One of the biggest concerns of NRIs (Non Resident Indians) or others who are retiring is healthcare. Healthcare and medicines are exorbitant in the US and with the aging population living longer and longer, the chances of needing longterm quality healthcare keeps looming. By retiring in India, you end up using the stronger dollar to obtain top notch healthcare, qualified, affordable staff and medicines, all are much cheaper. Many people prefer to retire in India because they are familiar with the culture and may have family and/or friends with whom they'd like to reconnect. Once you've answered a few questions and prioritized your needs while in India, you may decide retiring in India is a smarter option. Making a success of a new life overseas requires thoughtful and strategic planning. And, you may not have to make it all or nothing. You could do a soft launch - spend a portion overseas and still spend time back in the US.
Is India Affordable?
Before you pack up your bags and leave, it may be prudent to live for a month or two in your desired India location at a hotel or furnished apartment. Dip your toe rather than diving in headfirst. Try out different locations in India. This is not the time to live with relatives because it will not allow you to experience day to day life as a local not a tourist. Living as a local, dealing with day to day issues, may help you determine your ideal location, maybe, you find you don't like the pollution or air quality in New Delhi or the traffic jams in Mumbai. You may need to move to a different part of India and give it a trial run as a better option?
Can I find my own Retiree Community in India?
Once you've determined you definitely want to settle in India and have determined a city which works for you, you need to decide whether you'd like to live with the local population or with other NRIs or foreign residents.
There are many builders who specialize in creating communities specifically for the NRI resident/s.
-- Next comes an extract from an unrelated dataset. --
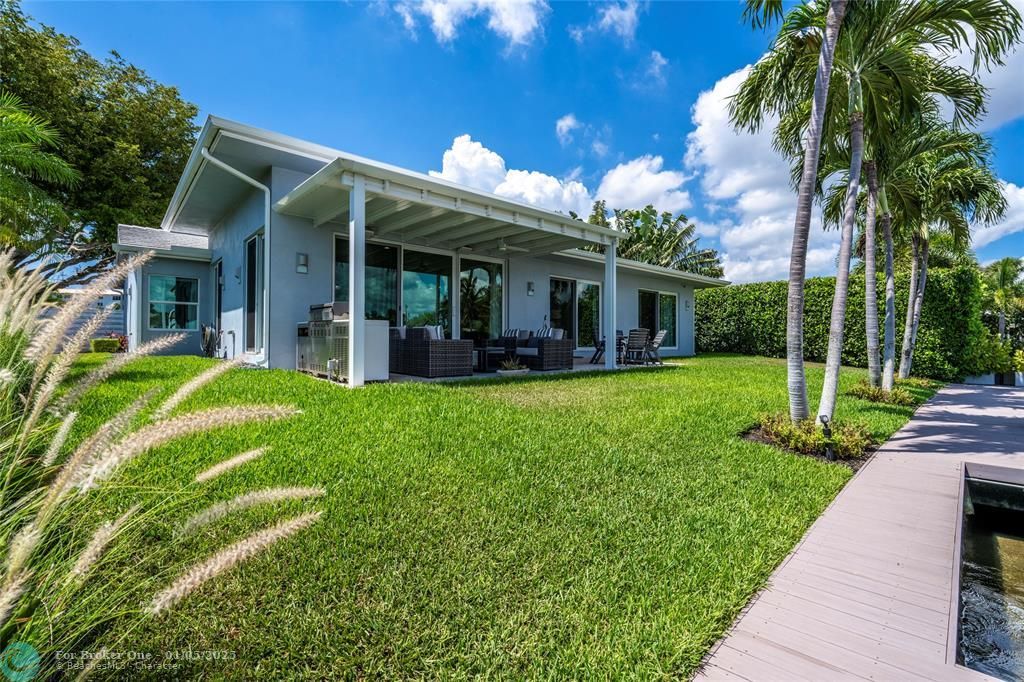 For Sale: $2,950,000 (3 beds, 2 baths, 2495 Square Feet)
Many of these neighborhoods will seem like they were a transplanted U.S. suburb with the benefits of a much more affordable cost of living and the comfort and familiarity of being around other Indians.
Will my Health Needs be met in India?
If you're facing specific health needs, you may need to determine whether you want to live in a nursing home, retirement community or something which caters to your specific health needs. You also want to ensure that you’re within quick access of international-standard medical care.
If you're on Medicare, you may need to verify coverage in India. Sometimes, they cover it with a lot of phone-calls and paperwork but many times they do not. Does the quality of the healthcare work for you? Is it more prudent to fly back to the USA for a yearly medical checkup or treatment on Medicare rather than deal with the local India medics?
Retiree in India Check list
Take some time to reflect on what is most important for you, what everyday issues would bother you if you moved to India? Make a 'What I Want Once I Move' list. Put the most important things, the things you have to admit to yourself you would be very unhappy to live without, at the top. Focus on the top 3-5 because no place is perfect. You’ll have to compromise and make concessions. But don’t concede on your top priorities, the few top things you identify as being most important to you.
India Affordable - Trial and Error
You could go back and forth to India for years, trying out new places, learning about and meeting new friends. Enjoy the benefits of this new location with a dramatically reduced cost of living, better weather, cheap medical care, new friends and luxuries such as household help. What you’ll find is that, with each trip overseas, your confidence will build. And your plan will evolve. Next, extend the length of each trip. Also, begin the process of finding out about the paper work such as visa restrictions on length of stay, finding people who share your interests, volunteer opportunities, etc.... Eventually, you'll find your ideal location and be ready to sever your ties with the USA. Take it one step at a time and let your retirement journey and/or shift back to India develop organically.